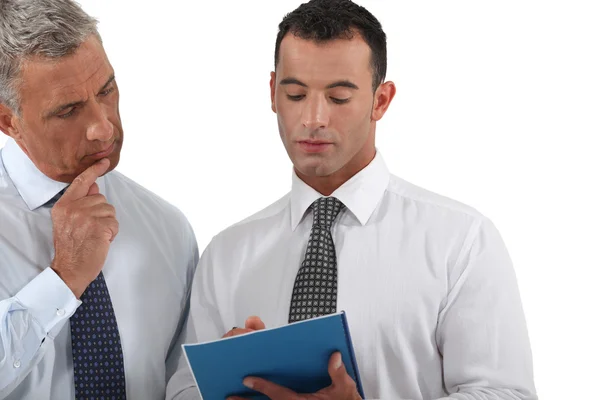 Dos hombres de negocios repasando la propuesta — Foto de Stock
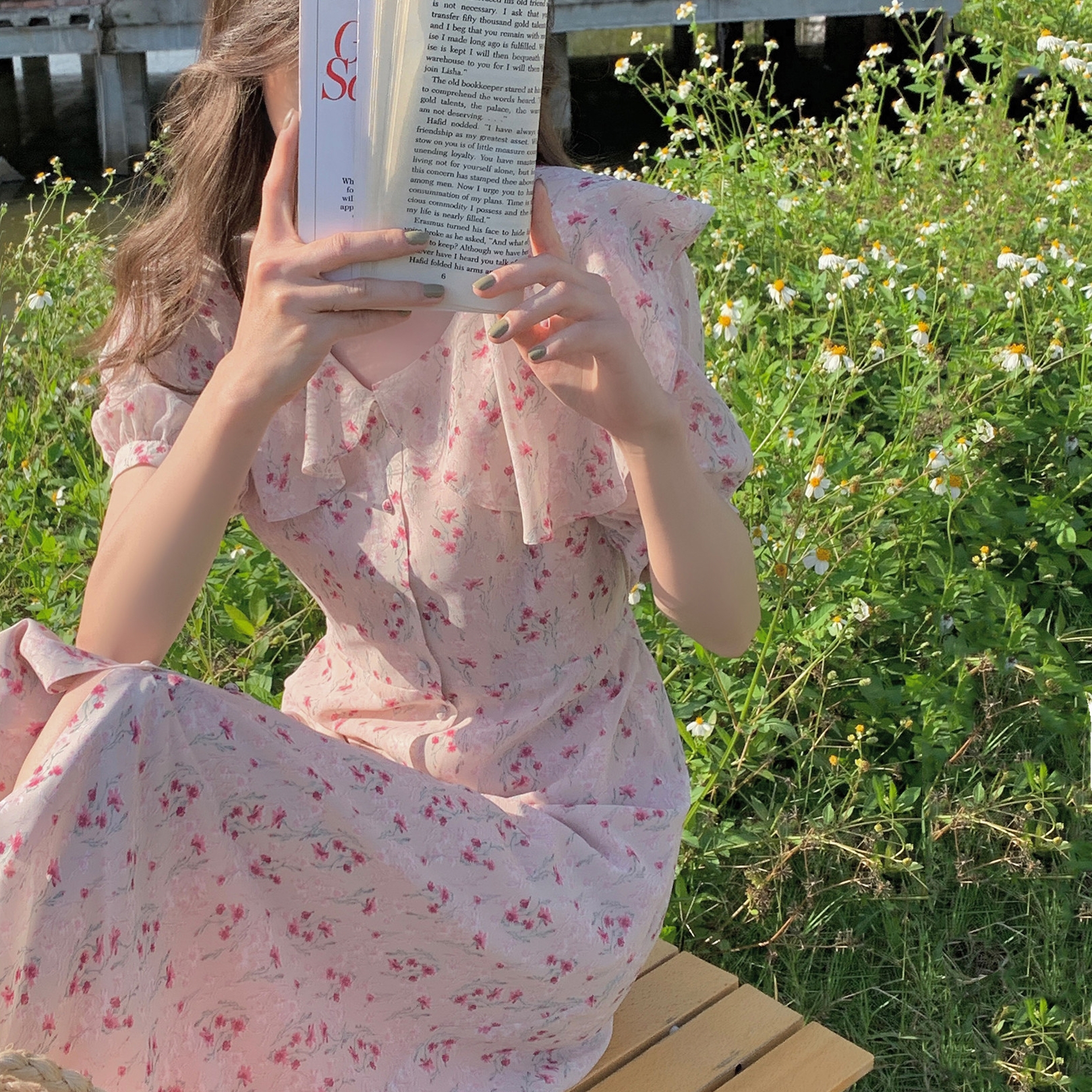 荷叶领粉雾海碎花雪纺连衣裙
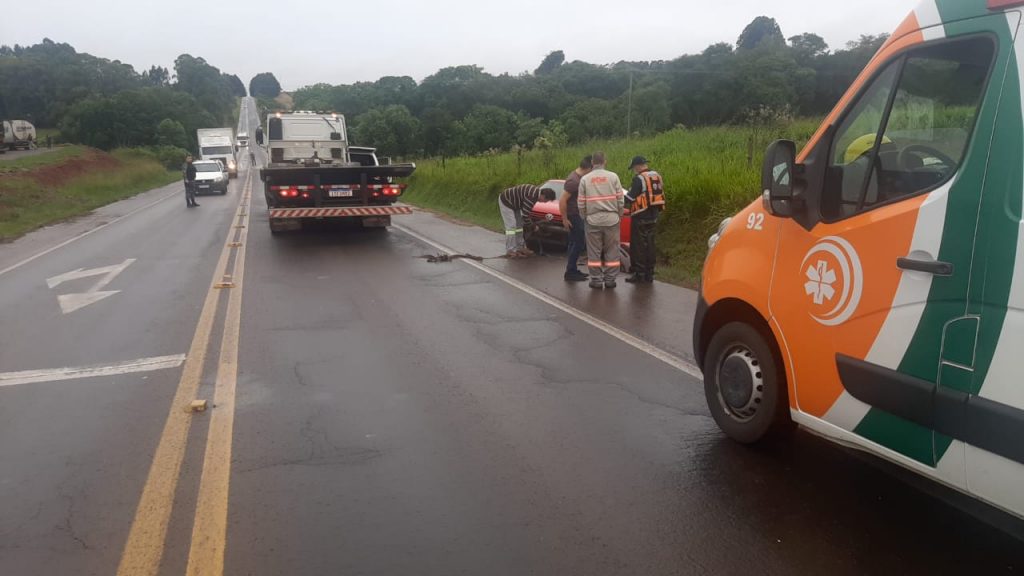 Veículo sai da pista após pneu estourar entre Passo Fundo e Coxilha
━━━━━━━━━━━━━━━━━━━━
**Work task:** Pictures do not belong in the copy. Reproduce the rest of the data exactly.

**Task solution:**
 Dos hombres de negocios repasando la propuesta — Foto de Stock
 荷叶领粉雾海碎花雪纺连衣裙
 Veículo sai da pista após pneu estourar entre Passo Fundo e Coxilha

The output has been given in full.